L’arte come atto interiore, Giovanni Gardini

 Enrico Versari appartiene a quel novero di artisti che si fatica a circoscrivere all’interno di un’unica categoria. Sarebbe riduttivo parlare di lui solo come di un pittore o di un incisore dato che abita la musica e la filosofia con la stessa passione e familiarità con cui abita le altre arti.

Il suo laboratorio per la varietà dei materiali e dei supporti – pigmenti, inchiostri, argille, carta pesta, tele, tavole, lastre di rame – ha il sapore di una vecchia bottega di artigiano, in cui la sapienza delle mani e dello sguardo dialoga con uno spirito acuto e creativo. Il suo studio è un vero e proprio spazio di sperimentazione in cui pennelli, strumenti musicali e bulini, al pari del cavalletto e del torchio, possono, idealmente, essere usati indistintamente perché parte del medesimo processo mentale.

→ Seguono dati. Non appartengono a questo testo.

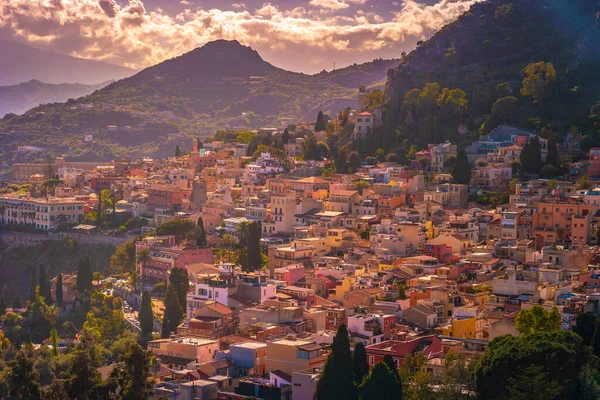 Panoramiczny widok na Taorminę, Giardini Naxos i górę Etna, na Sycylii, Włochy. — Zdjęcie stockowe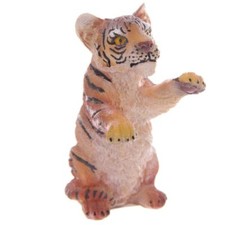 Cucciolo di Tigre in piedi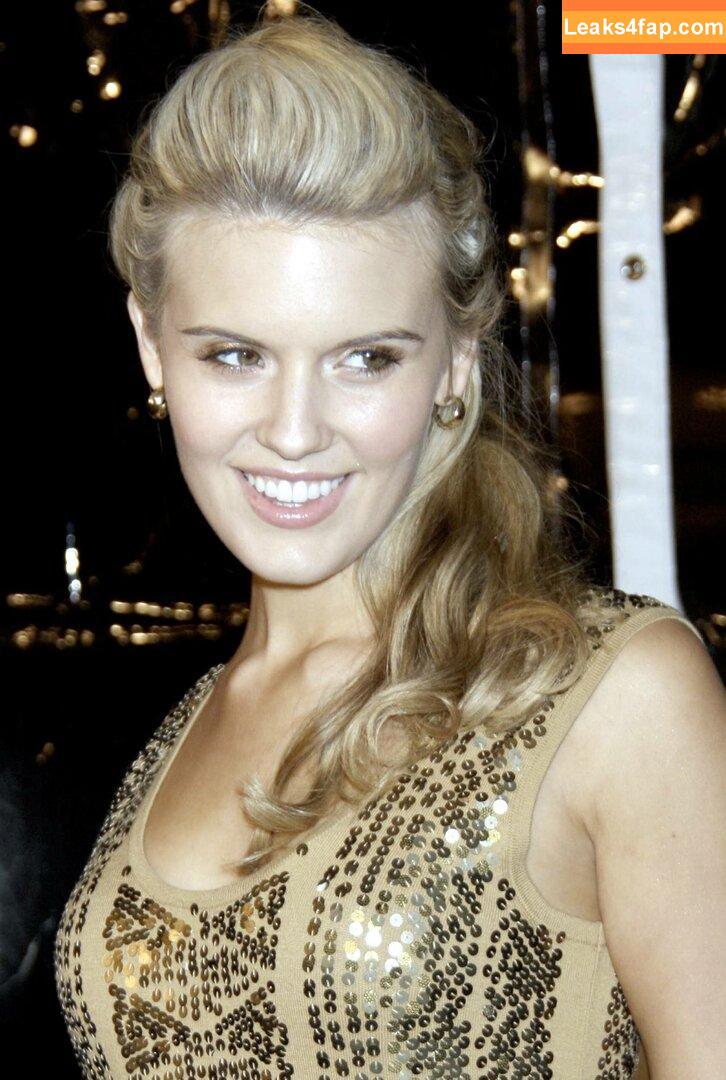 Maggie Grace / maggie.grace / maggiegrace / maggiieegrace / magnussengrace leaked photo photo #0025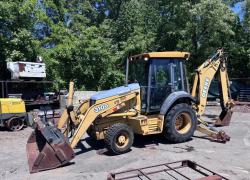 RETROEXCAVADORA JOHN DEERE 310G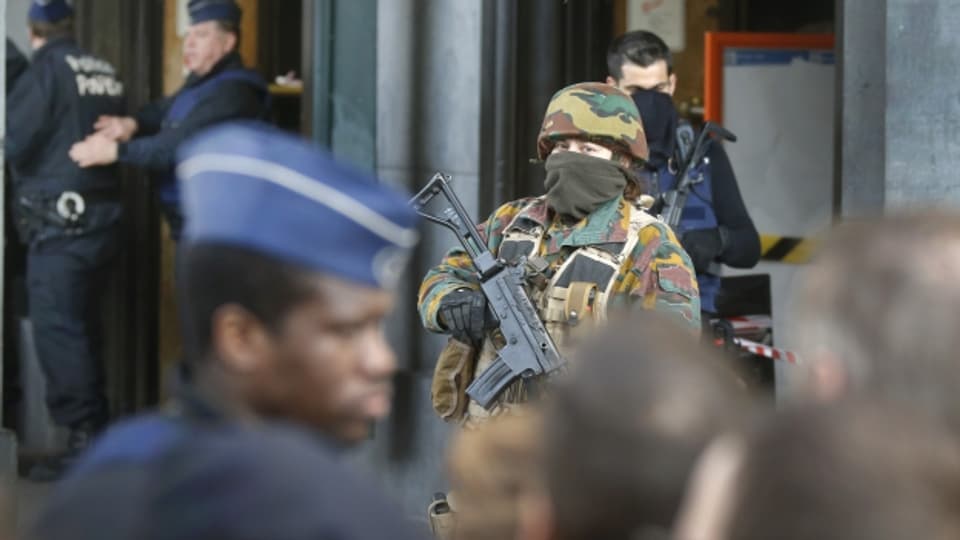 Soldaten und Polizisten kontrollieren den Zugange zum Hauptbahnhof in Brüssel.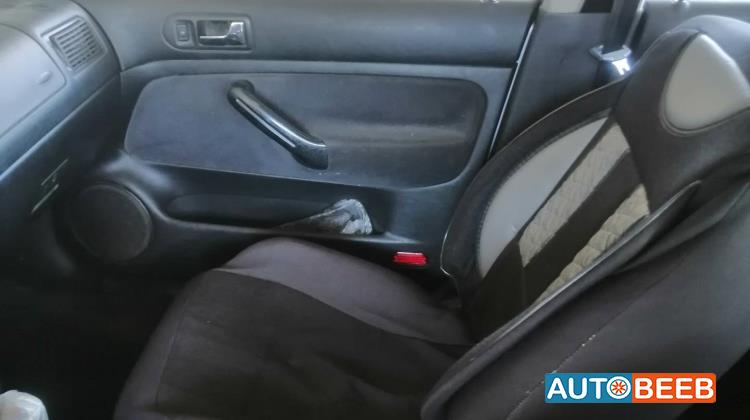 Volkswagen Golf MK 2004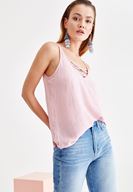 Bayan Pembe Yakası Bağlamalı İnce Askılı Bluz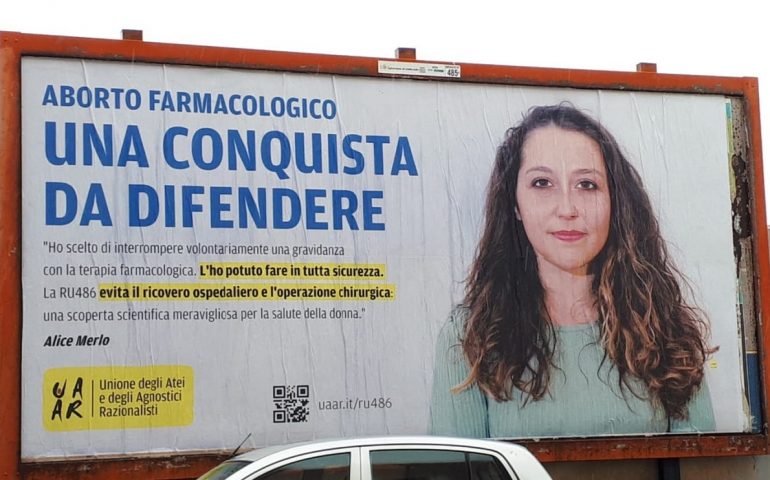 (FOTO) A Cagliari manifesti a favore della legge sull’aborto: “Una conquista da difendere”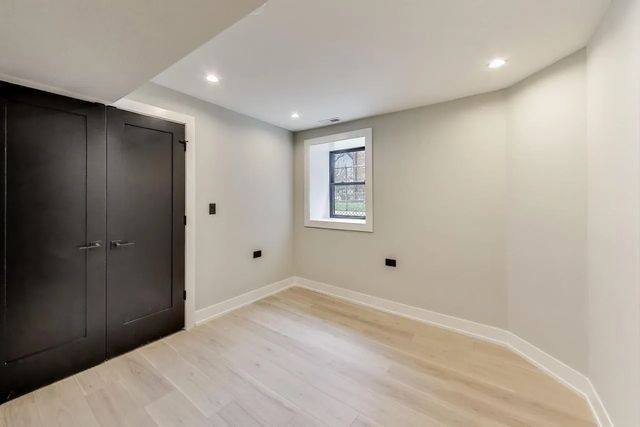 1311 N Rockwell Street 1, Chicago, IL 60622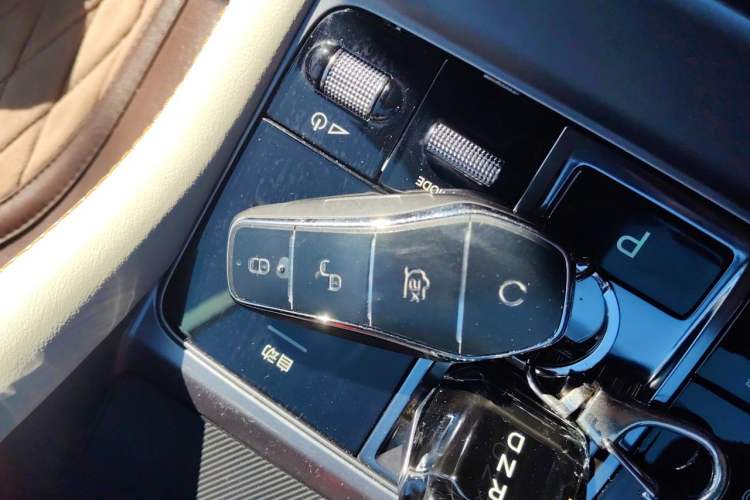 Used BYD Song PLUS New Energy 2023 Champion Edition EV 520KM Prestige Model Interior 1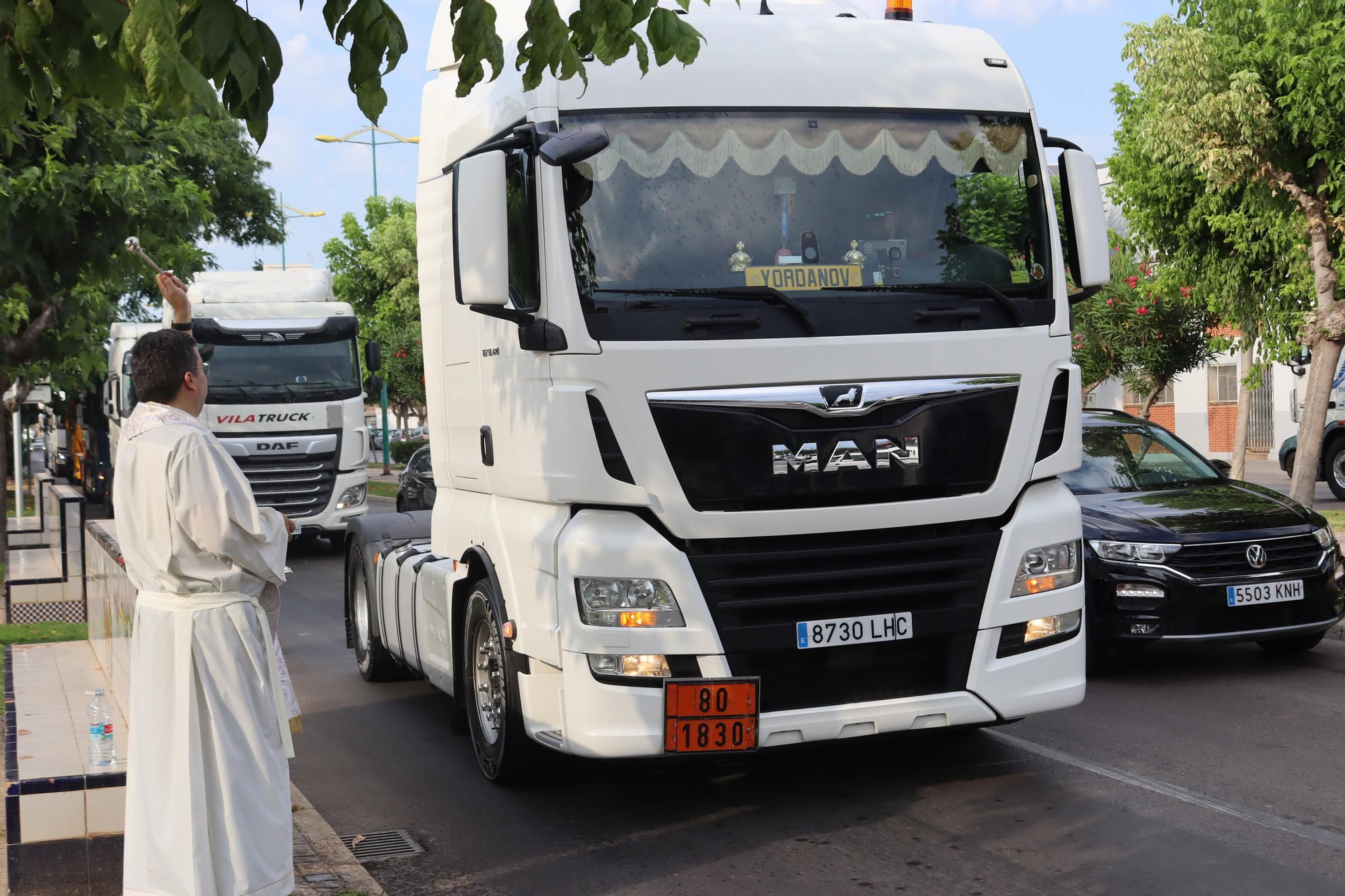Vila-real celebra la festa de Sant Cristòfol amb la benedicció i desfilada de camions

Alla pittura en plen air nella quale il desiderio è cogliere l’essenza di un istante – un esercizio forse più intimo e personale, la cui produzione è meno nota ma non per questo meno significativa – Versari alterna il lavoro in studio – un esercizio più paziente e ponderato -, due dimensioni entrambe necessarie che si alimentano vicendevolmente e nelle quali la scelta del soggetto non è importante, ma un puro pretesto. Nella sua visione, infatti, nel disegno come nella pittura, qualsiasi cosa può costituire uno spunto interessante da cui partire, tutto può essere disegnato e l’individuazione del soggetto si configura come una azione profondamente democratica, perché non serve stupire a tutti i costi. Poco importa se la scelta cade su una foglia secca o una carta stropicciata, un solido geometrico o un paesaggio appenninico. L’atto primo è il guardare, scorgere un significato, un’azione che la mente è chiamata a fare continuamente per trovare un senso e un ordine a tutte le cose.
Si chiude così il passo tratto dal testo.